La Chine, pionnière dans l’édition des gènes ? Le pays communiste sera en tout cas le premier à expérimenter la technique CRISPR-Cas9 chez l’être humain. A partir du mois d’août, l’hôpital West China de Chengdu, dans la province du Sichuan, lance un essai clinique dans le cancer du poumon. Le traitement consistera à retirer un gène clé à l’aide de ces « ciseaux moléculaires ».
L’accord éthique, obtenu le 6 juillet, ouvre à l’équipe de Lu You la possibilité de recruter des patients atteints de tumeurs au poumon. Leur profil est pour le moins restreint : seules les personnes souffrant d’un cancer non à petites cellules de stade métastatique, et pour lesquelles toutes les options thérapeutiques ont échoué, auront le droit d’expérimenter le traitement à base d’édition génétique. « Les options de traitement sont très limitées », comme le souligne l’oncologue chinois.

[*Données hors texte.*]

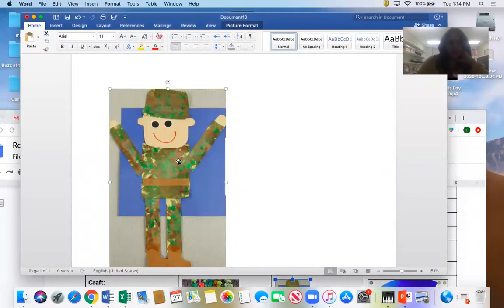There are a couple of different steps. I'm going to show you the picture first — let me share my screen. All right, here is our little army guy.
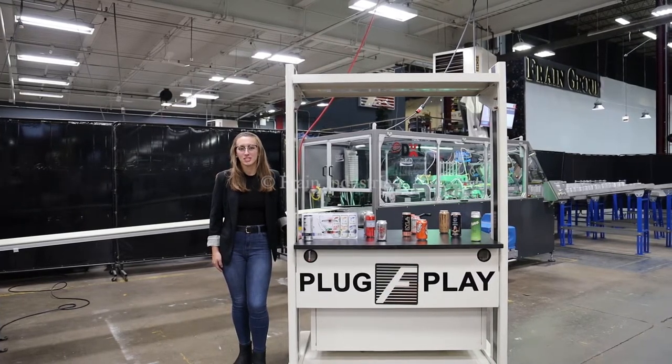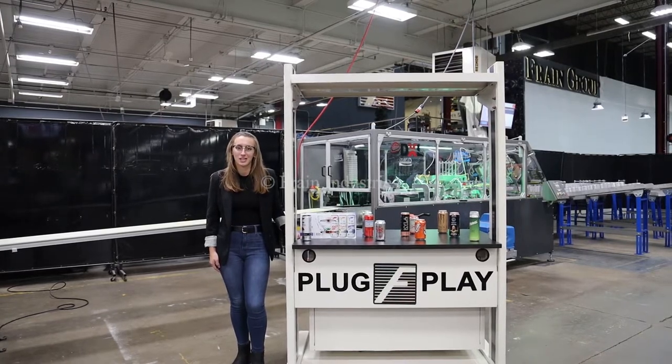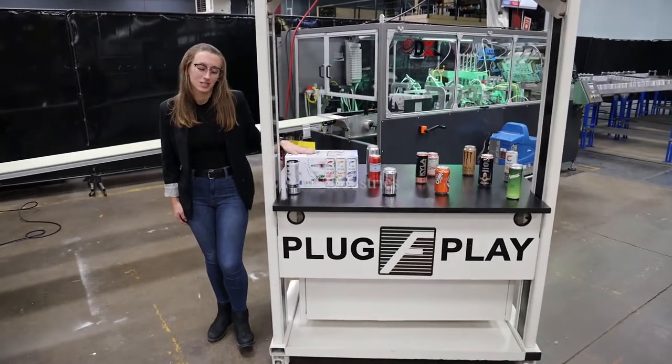This machine is currently set at 3-phase, 480 volts. We recommend reading the manual in its entirety for powering on the machine. Systems like this are capable of running a variety of products that you see here.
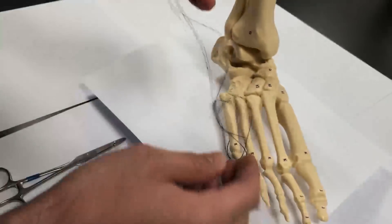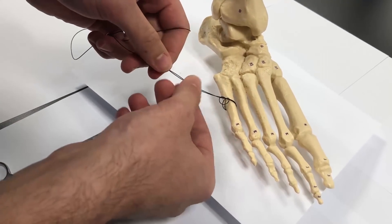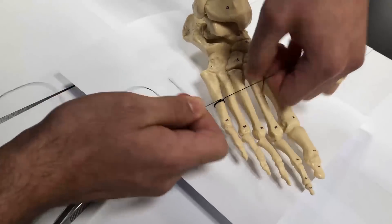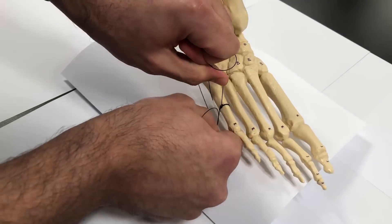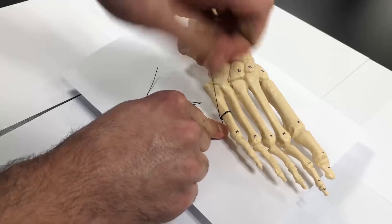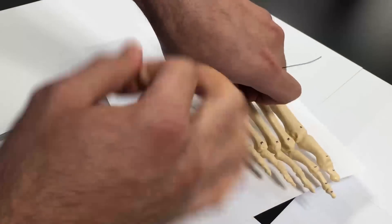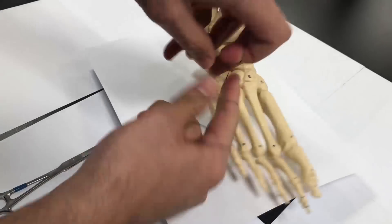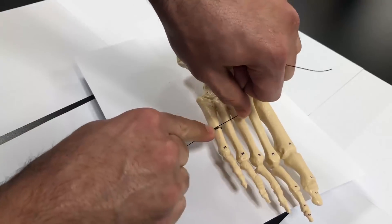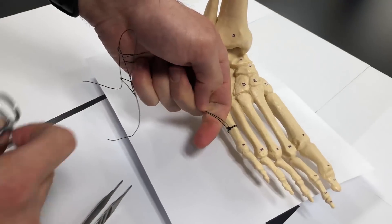Once you've done that, you pull everything through. Make sure to align your loop, your cerclage right at the fracture site. Take the two ends, pull them apart, and cinch it together until you get the adequate tightness and adequate reduction. Once it's tightened, you can throw some hand ties to reinforce. Two or three ties will be adequate to hold down your knot. After you've done that, you can cut your knot short.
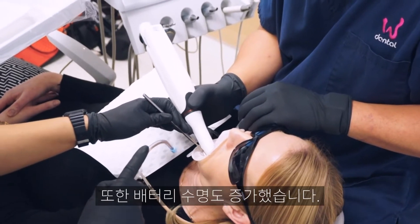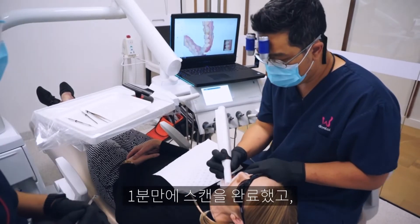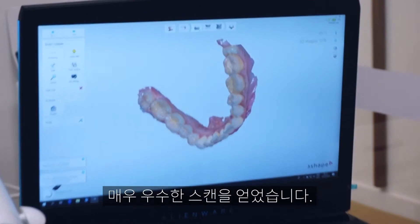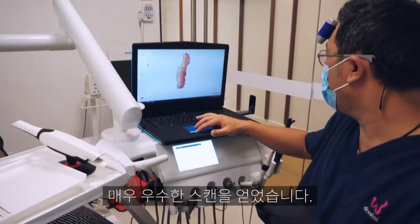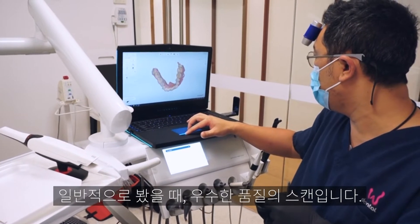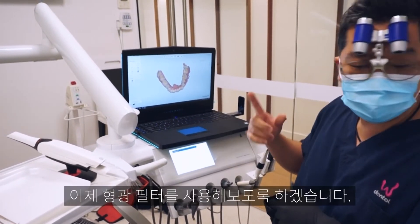The battery life seems to be better. Just over a minute — not too bad for our first try. Pretty good scan there; a couple of holes we can go through, but generally that's not a bad scan at all.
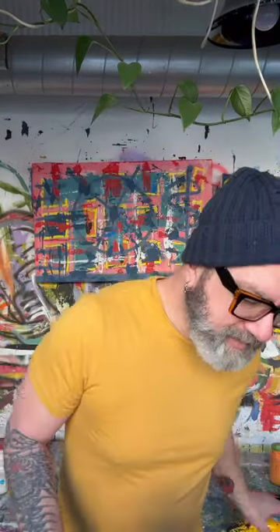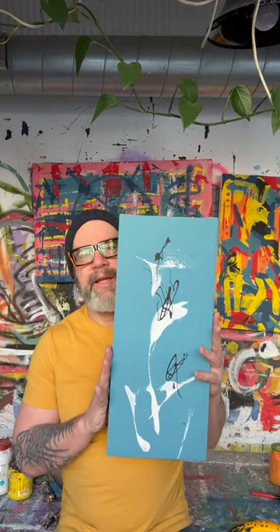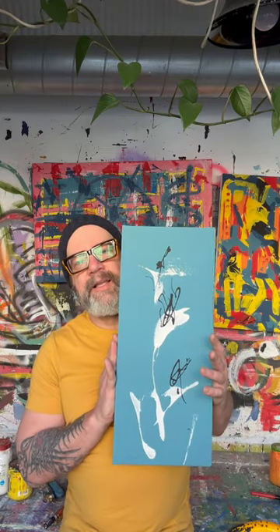Good morning all of you beautiful people. Today is new art day, and I have a new piece called Loveless DeJune Three Lilies. This is a piece with loveless color.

Agir sur la réponse immunitaire
Au sein de l’établissement, plusieurs étapes seront accomplies. Les experts vont d’abord extraire des lymphocytes T, chargés des défenses immunitaires, du sang des malades. Commence ensuite la phase d’édition : à l’aide de la méthode CRISPR-Cas9, le gène qui encode la protéine PD-1 sera retiré. Cette protéine, qui régule la réponse immunitaire, évite que l’organisme n’attaque les cellules saines. Mais les tumeurs profitent de cette astuce et passent pour des tissus sains.
Une fois éditées, les cellules seront multipliées en laboratoire puis injectées à nouveau dans la circulation sanguine. Elles devraient, si la réaction est conforme aux attentes des chercheurs, circuler jusqu’à la tumeur et l'attaquer.
La lutte cino-américaine
Le principe de cette approche est similaire à celui sollicité par les immunothérapies : agir sur la protéine PD-1 et booster la réponse immunitaire contre les tumeurs. Les chercheurs espèrent toutefois que leur méthode se montrera plus efficace. En effet, seuls 20 à 30 % des patients répondent au traitement par immunothérapie. « Cette technique est vraiment prometteuse : elle pourrait apporter des bénéfices aux patients, particulièrement ceux que nous traitons tous les jours pour cancer », s’enthousiasme Lu You.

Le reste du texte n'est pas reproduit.